How is it then that we do fine without it when we speak?
Mxsmanic   Sun Mar 05, 2006 1:34 pm GMT
We don't do it when we speak. The spoken language contains many ambiguities that are avoided in the written language.
C6058AH   Sun Mar 05, 2006 2:06 pm GMT
Ive written this posting without using any apostrophes.

Although its probably odd to read, its still entirely legible and understandable.

After a certain period, I doubt wed miss the apostrophes presence at all.

To a generation of writers brought up without it, it wouldnt be an issue.
Jim   Mon Mar 06, 2006 12:05 am GMT

I'm afraid you haven't got a leg to stand on. Mxsmanic is right when he writes "The spoken language contains many ambiguities that are avoided in the written language." So it does but spoken language also has many means of avoiding ambiguity that are impossible with (ordinary) writing.

You, C6058AH, like many a spelling-reform protagonist seem to be making the mistake of assuming that written language need only be a means of recording speech. It is not. It is a means of conveying meaning. The existance of ambiguity can impede this. The post you've written may be "entirely legible and understandable." but that in no way proves that all sentences with missing apostrophes will be.
Geoff_One   Mon Mar 06, 2006 1:04 am GMT
In a previous message, I stated:

While on the subject of apostrophe S ('s) and S apostrophe (s'), you may find the following titbit amusing. Some years ago, in exams, there were some students who put the apostrophe above the S, hoping to be
marked correct no matter what the correct answer was.
Uriel   Mon Mar 06, 2006 6:36 am GMT
Our teachers were on to that crap. We were always told in no uncertain terms that any S so marked would earn us an automatic wrong answer.

Personally, I like my apostrophes, and I don't consider writing to be an unimportant adjunct to the spoken word. Punctuation counts!
C6064OR   Mon Mar 06, 2006 7:54 am GMT

My dear fellow, I am no "spelling-reform protagonist." Indeed, I couldn't give a fig about spelling reform.

However, it IS clear that the use of the apostrophe has caused grief and confusion to writers since its inception.

I merely suggest that, given the apostrophe's minimal utility to the written language, it might be better just to abandon the thing outright and make all our lives easier.

As to written versus spoken language, you fuss too much over ambiguities; I doubt a world without apostrophes would be any more ambiguous for the reader. The period/full stop, comma, colon, exclamation mark and their like are useful written devices which correspond closely to the pauses, intonation and stress used in the spoken language.

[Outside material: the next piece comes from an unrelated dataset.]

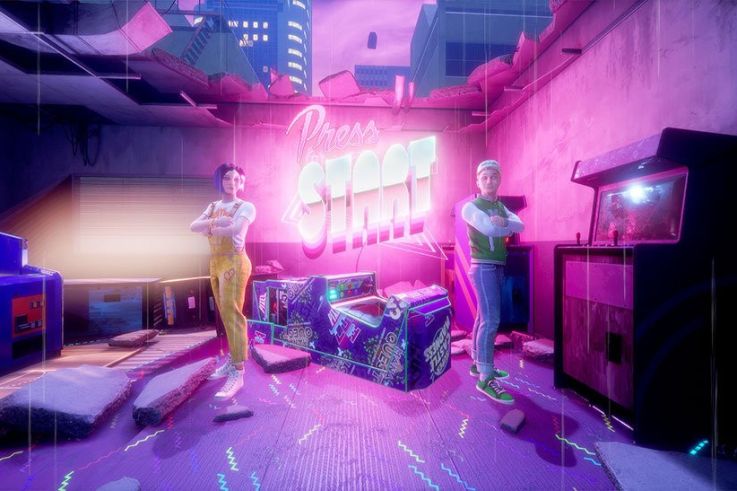 Press Start, la nouvelle aventure en VR originale de Virtual Room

The apostrophe, on the other hand, corresponds to, and represents, NOTHING.
Jim   Mon Mar 06, 2006 8:20 am GMT

I never said that you were a spelling reformist. I only make the point that they use similar arguements. You are wrong to say that the apostrophy represents nothing. It, for example, represents the difference between "its" and "it's", that's something. A world without apostrophies would be more ambiguous. It might still be worth the ambiguity but the ambiguity will exist.
Damian in Edinburgh   Mon Mar 06, 2006 8:31 am GMT
Its essential to use apostrophe's correctly as the entire meaning of a sentence can well be misconstrue'd if that wee ' is misplace'd.
btw Adam: banana's are currently 29p a kilo at Sainsbury's. Thats great.

Of course the apostrophe is very important in written English and here in Scotland at least (which has a different education system from England) great emphahis is placed on teaching the correct form's....oops...forms.

Ruth Kelly? ha ha! :-(
Guest   Mon Mar 06, 2006 8:32 am GMT
its, it's; wont, won't; were, we're

It's used to represent possessives, to indicate the plural of a letter, to form works fine as it is. There's no need to abandon it.
Damian   Mon Mar 06, 2006 8:33 am GMT
Ooops....... its 79p a kilo........ 29p at end of day sell off. Thats a bargain.
C6064OS   Mon Mar 06, 2006 8:40 am GMT

"You are wrong to say that the apostrophy [sic] represents nothing. It, for example, represents the difference between 'its' and 'it's', that's something."

I've removed the apostrophe from "it's" in this sentence. Please point out the ambiguity:

If the bird did damage its left wing when it flew into the window, its going to be difficult to save it.